01 The problem
AI agents have a memory problem, and so do agencies. An agent solves a hard problem at 2pm and has forgotten the solution by the next session. An engineer hits a deployment trap, works around it, and the workaround lives in one person's head until they leave. Knowledge accumulates in chat logs, which is to say it evaporates.
For a company that runs on AI orchestration, this is not a papercut. Every forgotten fix is a fix that gets paid for twice, and every undocumented decision is a future argument. We needed our agents and our people reading from, and writing to, the same brain. So we built one, and because it is the pattern we sell to clients as an internal knowledge brain, we run the reference implementation on ourselves.
02 What we built
A single source of truth with three tiers, machine-readable and human-readable at once.
The substrate is an Obsidian vault in version control: 257 notes at launch, organized into bands for company facts, operating procedures, client records, per-project knowledge, engineering patterns, and central memory. Basis for the count: the vault index at launch, June 2026.
The three tiers govern what knowledge means:
- Tier 1: agency SOPs. Universal procedures, shared across every project.
- Tier 2: project directives. Per-project rules, canonical in each project's repository and mirrored read-only into the vault, so the vault always reflects what is actually deployed.
- Tier 3: outputs. Real work products, kept for optimization and as worked examples.
Over the vault sits a retrieval layer: notes are embedded into a vector store (pgvector on an isolated database instance) and exposed through an API our agents call as tools. The key call is agentic: an agent passes its full task, and the pipeline decomposes it into targeted searches, retrieves across all tiers in parallel, and returns roughly 1,500 tokens of synthesized context instead of the 6,000 to 18,000 tokens manual searching burns. Basis: retrieval comparisons documented in our agent instructions, June 2026.
Agents also carry memory across sessions: observations and session summaries persist, searchable, with a timeline. The 2pm solution is still there next week, for every agent.
03 The error ritual
The part of this system we are most opinionated about is not retrieval. It is what happens when something breaks.
Every resolved failure gets logged with a severity (production-down, work-blocked, or friction) and must declare exactly one resolution: a prevention rule, a check added, or an accepted risk. No vague postmortems, no "we'll be careful next time". Before any risky operation, deploys, migrations, bulk sends, agents are required to check the error log first, so a known mistake is never repeated by a system that has its own incident history on file.

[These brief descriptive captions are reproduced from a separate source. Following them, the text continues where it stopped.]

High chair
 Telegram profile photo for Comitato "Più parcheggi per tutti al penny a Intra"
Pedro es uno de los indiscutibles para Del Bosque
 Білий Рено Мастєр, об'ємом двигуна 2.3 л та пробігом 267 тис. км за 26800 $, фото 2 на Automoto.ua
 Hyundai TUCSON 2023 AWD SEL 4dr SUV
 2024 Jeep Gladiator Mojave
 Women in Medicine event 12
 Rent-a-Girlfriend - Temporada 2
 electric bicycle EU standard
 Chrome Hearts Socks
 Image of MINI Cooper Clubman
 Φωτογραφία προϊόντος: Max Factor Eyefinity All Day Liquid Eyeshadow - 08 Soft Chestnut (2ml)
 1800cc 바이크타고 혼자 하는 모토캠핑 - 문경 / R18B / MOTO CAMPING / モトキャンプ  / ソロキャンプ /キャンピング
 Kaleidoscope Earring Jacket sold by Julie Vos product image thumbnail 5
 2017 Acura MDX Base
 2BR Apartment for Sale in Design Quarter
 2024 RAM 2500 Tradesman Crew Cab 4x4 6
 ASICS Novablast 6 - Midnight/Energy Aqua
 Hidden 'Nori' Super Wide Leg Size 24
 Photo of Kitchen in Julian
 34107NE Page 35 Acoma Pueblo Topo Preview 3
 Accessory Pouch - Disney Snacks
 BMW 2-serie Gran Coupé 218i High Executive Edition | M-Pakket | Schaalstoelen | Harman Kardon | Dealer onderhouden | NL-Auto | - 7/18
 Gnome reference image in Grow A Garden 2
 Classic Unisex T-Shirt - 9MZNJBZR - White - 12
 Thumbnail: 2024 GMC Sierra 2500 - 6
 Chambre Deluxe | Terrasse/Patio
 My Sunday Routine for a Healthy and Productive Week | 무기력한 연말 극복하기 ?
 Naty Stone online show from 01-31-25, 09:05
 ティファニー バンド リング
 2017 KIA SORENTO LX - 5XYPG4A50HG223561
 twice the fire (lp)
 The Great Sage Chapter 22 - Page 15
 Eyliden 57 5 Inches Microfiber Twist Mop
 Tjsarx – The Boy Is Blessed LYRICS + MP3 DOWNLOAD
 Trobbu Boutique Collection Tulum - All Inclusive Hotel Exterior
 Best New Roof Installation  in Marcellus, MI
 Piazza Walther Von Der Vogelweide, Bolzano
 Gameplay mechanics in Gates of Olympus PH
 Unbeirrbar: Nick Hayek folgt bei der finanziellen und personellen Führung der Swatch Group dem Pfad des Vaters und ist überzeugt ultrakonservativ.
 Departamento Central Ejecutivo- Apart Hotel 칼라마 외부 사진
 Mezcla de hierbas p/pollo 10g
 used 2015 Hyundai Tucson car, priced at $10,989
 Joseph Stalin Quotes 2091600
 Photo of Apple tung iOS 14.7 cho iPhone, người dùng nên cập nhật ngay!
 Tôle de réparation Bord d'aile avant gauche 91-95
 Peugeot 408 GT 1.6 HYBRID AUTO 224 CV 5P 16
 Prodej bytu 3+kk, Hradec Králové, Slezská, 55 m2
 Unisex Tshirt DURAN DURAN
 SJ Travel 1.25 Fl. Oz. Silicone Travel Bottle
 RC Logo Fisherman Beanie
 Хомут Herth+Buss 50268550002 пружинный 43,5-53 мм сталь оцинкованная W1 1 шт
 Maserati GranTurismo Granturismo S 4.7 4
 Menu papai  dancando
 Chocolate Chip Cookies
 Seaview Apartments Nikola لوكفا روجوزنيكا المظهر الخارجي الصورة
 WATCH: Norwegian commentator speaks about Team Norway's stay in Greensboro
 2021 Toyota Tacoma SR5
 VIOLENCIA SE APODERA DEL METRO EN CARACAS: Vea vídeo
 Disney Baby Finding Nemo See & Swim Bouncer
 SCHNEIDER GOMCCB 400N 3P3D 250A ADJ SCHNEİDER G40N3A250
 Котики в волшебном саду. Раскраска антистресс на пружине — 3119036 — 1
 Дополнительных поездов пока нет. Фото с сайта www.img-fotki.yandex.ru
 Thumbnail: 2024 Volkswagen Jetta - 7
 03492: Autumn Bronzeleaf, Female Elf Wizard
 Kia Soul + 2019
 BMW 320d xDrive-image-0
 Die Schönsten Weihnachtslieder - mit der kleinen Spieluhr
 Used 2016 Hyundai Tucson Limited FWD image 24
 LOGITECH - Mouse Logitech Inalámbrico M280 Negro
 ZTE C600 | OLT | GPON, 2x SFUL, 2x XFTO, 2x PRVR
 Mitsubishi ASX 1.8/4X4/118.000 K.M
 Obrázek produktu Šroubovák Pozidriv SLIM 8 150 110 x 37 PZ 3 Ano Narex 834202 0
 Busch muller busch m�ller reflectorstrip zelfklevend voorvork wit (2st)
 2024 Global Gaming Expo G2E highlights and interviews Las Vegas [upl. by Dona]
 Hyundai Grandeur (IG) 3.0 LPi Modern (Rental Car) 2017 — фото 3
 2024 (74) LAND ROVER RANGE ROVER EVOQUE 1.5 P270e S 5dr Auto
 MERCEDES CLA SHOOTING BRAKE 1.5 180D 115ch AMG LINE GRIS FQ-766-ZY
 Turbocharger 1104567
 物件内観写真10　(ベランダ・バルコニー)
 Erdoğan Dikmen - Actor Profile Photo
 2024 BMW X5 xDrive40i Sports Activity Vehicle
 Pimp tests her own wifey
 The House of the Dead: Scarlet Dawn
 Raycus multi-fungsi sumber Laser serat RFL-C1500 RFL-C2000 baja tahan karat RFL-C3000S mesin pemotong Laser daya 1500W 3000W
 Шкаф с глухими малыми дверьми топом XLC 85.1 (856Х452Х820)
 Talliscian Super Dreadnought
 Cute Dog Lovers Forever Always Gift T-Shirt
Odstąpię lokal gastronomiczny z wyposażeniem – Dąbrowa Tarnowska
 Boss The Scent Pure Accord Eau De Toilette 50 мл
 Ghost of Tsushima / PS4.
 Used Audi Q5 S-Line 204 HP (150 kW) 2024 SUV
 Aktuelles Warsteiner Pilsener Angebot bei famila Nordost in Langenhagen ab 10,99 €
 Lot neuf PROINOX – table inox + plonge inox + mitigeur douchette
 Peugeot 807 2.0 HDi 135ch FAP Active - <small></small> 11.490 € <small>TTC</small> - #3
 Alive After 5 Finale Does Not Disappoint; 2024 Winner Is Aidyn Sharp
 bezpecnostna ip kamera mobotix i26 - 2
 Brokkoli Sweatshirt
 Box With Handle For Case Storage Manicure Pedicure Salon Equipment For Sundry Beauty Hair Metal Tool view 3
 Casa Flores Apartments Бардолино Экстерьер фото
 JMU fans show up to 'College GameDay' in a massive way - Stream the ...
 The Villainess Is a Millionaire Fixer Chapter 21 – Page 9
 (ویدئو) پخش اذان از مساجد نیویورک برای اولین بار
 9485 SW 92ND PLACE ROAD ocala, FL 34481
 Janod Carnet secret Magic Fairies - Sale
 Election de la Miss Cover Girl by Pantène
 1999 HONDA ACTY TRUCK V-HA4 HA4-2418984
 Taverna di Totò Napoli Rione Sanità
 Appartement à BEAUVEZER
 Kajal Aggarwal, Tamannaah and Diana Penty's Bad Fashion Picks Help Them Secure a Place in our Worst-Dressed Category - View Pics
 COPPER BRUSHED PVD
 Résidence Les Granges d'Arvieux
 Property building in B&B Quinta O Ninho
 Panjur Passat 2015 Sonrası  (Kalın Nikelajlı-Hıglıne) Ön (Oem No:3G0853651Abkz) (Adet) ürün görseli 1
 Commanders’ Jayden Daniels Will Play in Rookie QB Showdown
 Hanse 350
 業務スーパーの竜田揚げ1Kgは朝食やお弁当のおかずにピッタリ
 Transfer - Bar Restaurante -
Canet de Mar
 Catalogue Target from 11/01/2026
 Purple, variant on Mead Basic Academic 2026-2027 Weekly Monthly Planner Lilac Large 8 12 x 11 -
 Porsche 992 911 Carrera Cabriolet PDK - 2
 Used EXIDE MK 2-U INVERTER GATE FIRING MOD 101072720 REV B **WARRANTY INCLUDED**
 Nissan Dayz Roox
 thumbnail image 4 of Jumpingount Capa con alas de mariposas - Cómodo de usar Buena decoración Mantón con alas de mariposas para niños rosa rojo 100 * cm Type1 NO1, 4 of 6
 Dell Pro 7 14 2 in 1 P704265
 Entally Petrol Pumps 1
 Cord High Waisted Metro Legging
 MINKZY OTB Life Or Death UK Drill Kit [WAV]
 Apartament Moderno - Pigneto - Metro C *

Durable discoveries get appended to the relevant directive's learnings section. We call the loop self-annealing: fix it, update the script, update the directive, log the lesson. The knowledge base is not documentation that drifts from reality. It is an organ that metabolizes failure.
04 Governance: two lanes
Writes follow a two-lane rule, because memory and law are different things.
Lane A, memory, writes automatically. Errors, learnings, session summaries and reviews go straight into the vault's memory bands. High volume, low ceremony, append-only in spirit.
Lane B, normative, goes through review. Changes to directives and SOPs, the rules that govern behavior, travel as pull requests in the owning repository, then mirror into the vault. An agent can remember anything it likes; it cannot quietly rewrite the rules it operates under.
That split is the design insight we would offer anyone building an organizational brain: the failure mode is not too little writing, it is ungoverned writing. Separate the lanes and both can run fast.
05 The technologies behind it
- Obsidian (markdown in version control) as the human-facing substrate; plain text outlives every tool.
- Supabase with pgvector for embeddings and retrieval, on a dedicated instance isolated from all client data and from our own operational database.
- Vercel hosts the knowledge API that agents call as tools.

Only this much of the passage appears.